Published 18/03/2019, 10:09
Updated 14/12/2017, 10:25

Bank meetings dominate this week

It will be a busy week on the economic front with the Federal Reserve finishing its rate setting meeting on Wednesday, the Bank of England in session on Thursday and the Eurozone’s flash PMIs being released Friday.

The FTSE has started the week on a positive note, taking its cue from Asia’s close and the higher close on Wall Street Friday as optimism over the Sino-US trade talks infused the market with new vigour.

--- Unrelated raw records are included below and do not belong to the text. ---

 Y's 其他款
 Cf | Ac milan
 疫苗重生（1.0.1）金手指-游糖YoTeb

The Fed has already promised to go slow with rate increases this year to accommodate the changing winds in the US economy but since its last session economic data being released in the US has become a notch worse. Over the coming months the economy wills see some push and pull with the labour market becoming weaker but at the same time housing and consumer spending likely to pick up as mortgages and loans become cheaper.

The currency market seems to be increasingly accepting a scenario in which the US economy slows down even further to the point that the Fed is forced to cut rates later this year and futures contracts on dollar interest rates are indicating a 40% likelihood of a Fed rate cut later this year.

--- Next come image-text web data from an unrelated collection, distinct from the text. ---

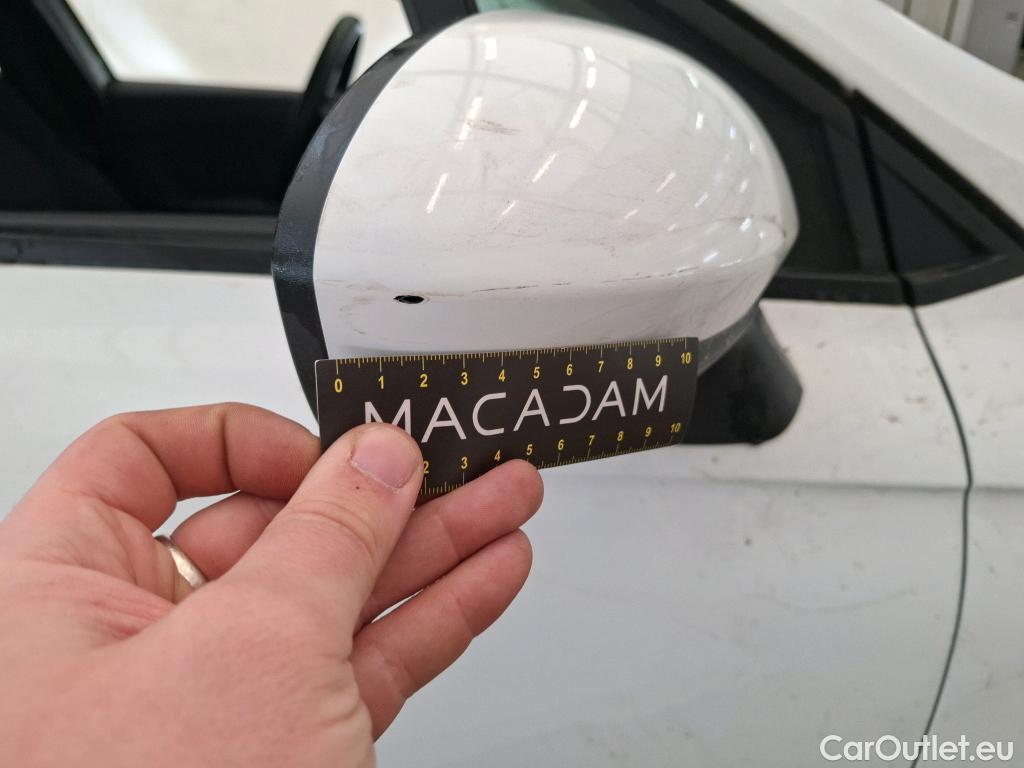  Renault  Clio  V Business 1.5 dCi 85CV BVM6 E6dT #33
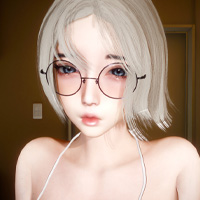 Lost Moon Adult Game Android Apk Download (1)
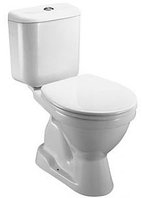 УНИТАЗ-КОМПАКТ С БАЧКОМ JIKA LYRA 36X64X77, НИЖНИЙ ПОДВОД, ВЕРТ. ВЫПУСК 8242370002429 УНИТАЗ-КОМПАКТ С БАЧКОМ JIKA LYRA 36X64X77, НИЖНИЙ ПОДВОД, ВЕРТ. ВЫПУСК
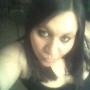 Brittany King Photo 33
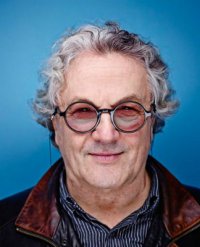 Джордж Миллер возглавит жюри Каннского кинофестиваля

The dollar itself has dropped to a two year low against the euro but is holding up against the pound and the yen.

Brexit vote and the BoE keep sterling on its toes

At home, another Brexit vote this week likely to be held on Tuesday is nudging sterling into negative territory. The currency’s decline against the dollar is still fairly small and the pound is holding above $1.3255 indicating that investors are far less worried about the outcome of Brexit – at least the no deal option - than they were a few weeks ago.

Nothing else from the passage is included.